The district court also considered the depositions of two marketing experts. John A. Bunge, Luigino’s marketing research expert, opined that a pilot survey established neither trademark infringement nor trademark dilution. The survey investigated the likelihood of confusion about the source, origin, or association of Lean ’N Tasty products by requiring respondents to identify which of twenty-two frozen-food products, made by seven different producers, were offered by the same producer. Respondents who thought that none of the products were offered by the same producer were asked if they thought any of the producers were associated in any way. Bunge determined that none of the 106 respondents believed either that Michelina’s Lean ’N Tasty and Lean Cuisine were offered by the same producer, or that Michelina’s and Stouffer were associated in any way.

By contrast, Jerry Wind, Stouffer’s marketing and consumer research expert, declared Bunge’s survey biased and invalid. Wind criticized the survey, asserting that it “encourag[ed] a superficially obvious grouping of the commonly branded products,” that it utilized an unreliable sample size and verification procedure, and that it garnered unreliable results, since nearly half of the respondents demonstrated their lack of understanding by answering either “no” or “don’t know” to the survey questions. Despite these criticisms, however, Wind offered no opinion about the likelihood of confusion or possible association between Lean Cuisine and Michelina’s Lean ’N Tasty. Additionally, although Wind advocated conducting a competent survey, Stouffer did not retain either Wind or another expert to do so. With respect to the trademark dilution issue, Wind opined that Michelina’s Lean ’N

-3- Tasty diminishes Lean Cuisine’s positioning as the only frozen dinner offered under a name that connotes “dietary and tasteful.”
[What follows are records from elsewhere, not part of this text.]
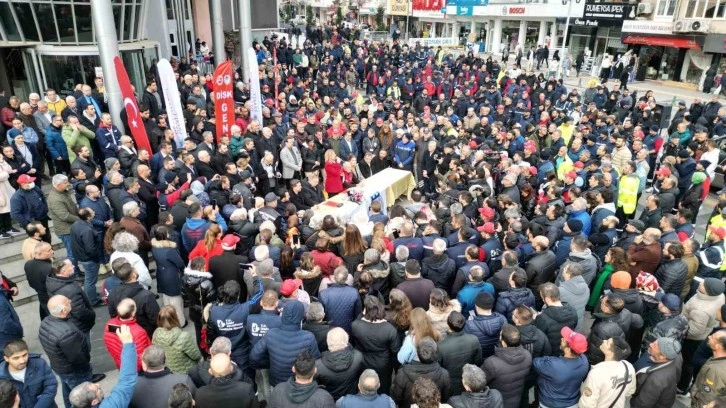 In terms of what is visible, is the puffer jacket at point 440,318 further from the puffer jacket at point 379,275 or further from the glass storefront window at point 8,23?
the glass storefront window at point 8,23

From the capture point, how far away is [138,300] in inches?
203

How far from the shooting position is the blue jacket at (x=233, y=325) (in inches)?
184

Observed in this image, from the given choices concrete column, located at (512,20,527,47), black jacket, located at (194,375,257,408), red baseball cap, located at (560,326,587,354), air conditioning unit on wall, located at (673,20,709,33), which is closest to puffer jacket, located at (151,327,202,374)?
black jacket, located at (194,375,257,408)

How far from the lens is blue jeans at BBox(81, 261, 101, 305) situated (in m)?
6.81

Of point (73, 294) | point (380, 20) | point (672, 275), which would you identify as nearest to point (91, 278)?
point (73, 294)

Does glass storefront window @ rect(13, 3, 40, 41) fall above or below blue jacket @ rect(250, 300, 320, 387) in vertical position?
above

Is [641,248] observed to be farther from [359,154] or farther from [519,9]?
[519,9]

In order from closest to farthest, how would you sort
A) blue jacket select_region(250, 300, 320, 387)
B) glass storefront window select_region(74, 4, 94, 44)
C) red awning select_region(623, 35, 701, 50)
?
blue jacket select_region(250, 300, 320, 387)
glass storefront window select_region(74, 4, 94, 44)
red awning select_region(623, 35, 701, 50)

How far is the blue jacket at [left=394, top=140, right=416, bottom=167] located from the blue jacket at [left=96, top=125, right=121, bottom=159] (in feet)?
19.7

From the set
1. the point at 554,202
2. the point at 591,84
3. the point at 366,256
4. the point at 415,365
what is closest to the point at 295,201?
the point at 366,256

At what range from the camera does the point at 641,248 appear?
636 cm

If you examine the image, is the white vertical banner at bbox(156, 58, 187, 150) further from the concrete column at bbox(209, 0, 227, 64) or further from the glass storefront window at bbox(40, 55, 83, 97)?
the concrete column at bbox(209, 0, 227, 64)

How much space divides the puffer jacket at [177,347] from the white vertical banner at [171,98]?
19.8ft

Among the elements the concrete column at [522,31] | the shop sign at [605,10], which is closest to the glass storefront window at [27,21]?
the shop sign at [605,10] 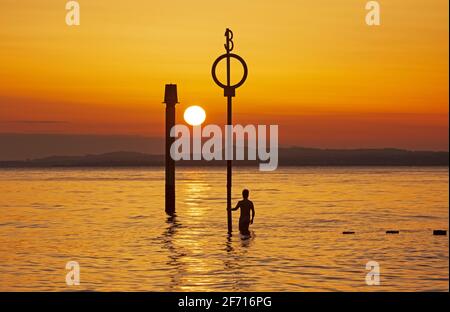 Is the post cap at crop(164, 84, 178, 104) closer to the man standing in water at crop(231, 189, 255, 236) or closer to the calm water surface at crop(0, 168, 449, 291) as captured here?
the calm water surface at crop(0, 168, 449, 291)

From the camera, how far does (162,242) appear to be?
29047 millimetres

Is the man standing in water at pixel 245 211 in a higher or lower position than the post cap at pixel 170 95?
lower

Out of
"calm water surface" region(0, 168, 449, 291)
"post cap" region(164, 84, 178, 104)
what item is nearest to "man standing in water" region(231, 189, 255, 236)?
"calm water surface" region(0, 168, 449, 291)

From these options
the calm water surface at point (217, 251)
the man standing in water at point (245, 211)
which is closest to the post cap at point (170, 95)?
the calm water surface at point (217, 251)

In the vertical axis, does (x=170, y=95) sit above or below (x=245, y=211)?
above

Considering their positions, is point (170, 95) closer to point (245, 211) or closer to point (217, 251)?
point (245, 211)

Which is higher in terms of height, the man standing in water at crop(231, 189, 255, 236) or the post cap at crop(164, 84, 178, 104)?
the post cap at crop(164, 84, 178, 104)

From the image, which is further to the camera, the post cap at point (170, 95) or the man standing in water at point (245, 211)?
the post cap at point (170, 95)

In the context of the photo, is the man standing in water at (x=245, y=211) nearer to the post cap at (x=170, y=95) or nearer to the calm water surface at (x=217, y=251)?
the calm water surface at (x=217, y=251)

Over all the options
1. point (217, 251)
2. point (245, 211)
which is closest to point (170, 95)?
point (245, 211)

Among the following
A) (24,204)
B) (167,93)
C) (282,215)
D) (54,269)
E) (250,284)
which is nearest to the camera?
(250,284)

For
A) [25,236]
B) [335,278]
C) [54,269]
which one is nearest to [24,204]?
[25,236]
The district court also considered the testimony of Janet Weimann, the marketing director for Lean Cuisine since May of 1995. Weimann testified that Lean Cuisine is a successful brand. In 1995 gross sales were $409 million; and, in 1996, the year in which Michelina’s Lean ’N Tasty appeared on the market, gross sales for Lean Cuisine were $434 million, an increase that Weimann agreed not only was “on target” but also produced an on-target profit for the year. Weimann further testified that she was unaware of any negative impact by Michelina’s Lean ’N Tasty: she stated that she had not received reports of actual confusion between the two products; moreover, neither she nor Stouffer could identify any lost or displaced sales, or lost customers, food brokers, or grocers, attributable to Michelina’s Lean ’N Tasty.

II.

We review the district court’s grant of summary judgment de novo. Insty*Bit, Inc. v. Poly-Tech Indus., Inc., 95 F.3d 663, 666 (8th Cir. 1996), cert. denied, 117 S. Ct. 1085 (1997). Summary judgment is properly granted if the nonmoving party fails to establish the existence of a genuine issue of material fact and the moving party is entitled to judgment as a matter of law. Fed. R. Civ. P. 56(c); Celotex Corp. v. Catrett, 477 U.S. 317, 322 (1986). A genuine issue of material fact exists when the matter involves disputes of fact that “properly can be resolved only by a finder of fact because they may reasonably be resolved in favor of either party.” Anderson v. Liberty Lobby, Inc., 477 U.S. 242, 250 (1986). In reviewing the grant of summary judgment, we view the facts in the light most favorable to the nonmoving party and give that party the benefit of all reasonable inferences. Matsushita Elec. Indus. Co. v. Zenith Radio Corp., 475 U.S. 574, 587 (1986).

-4- A.

The first issue is whether Stouffer has presented sufficient evidence to raise a genuine issue of material fact on its trademark infringement claim.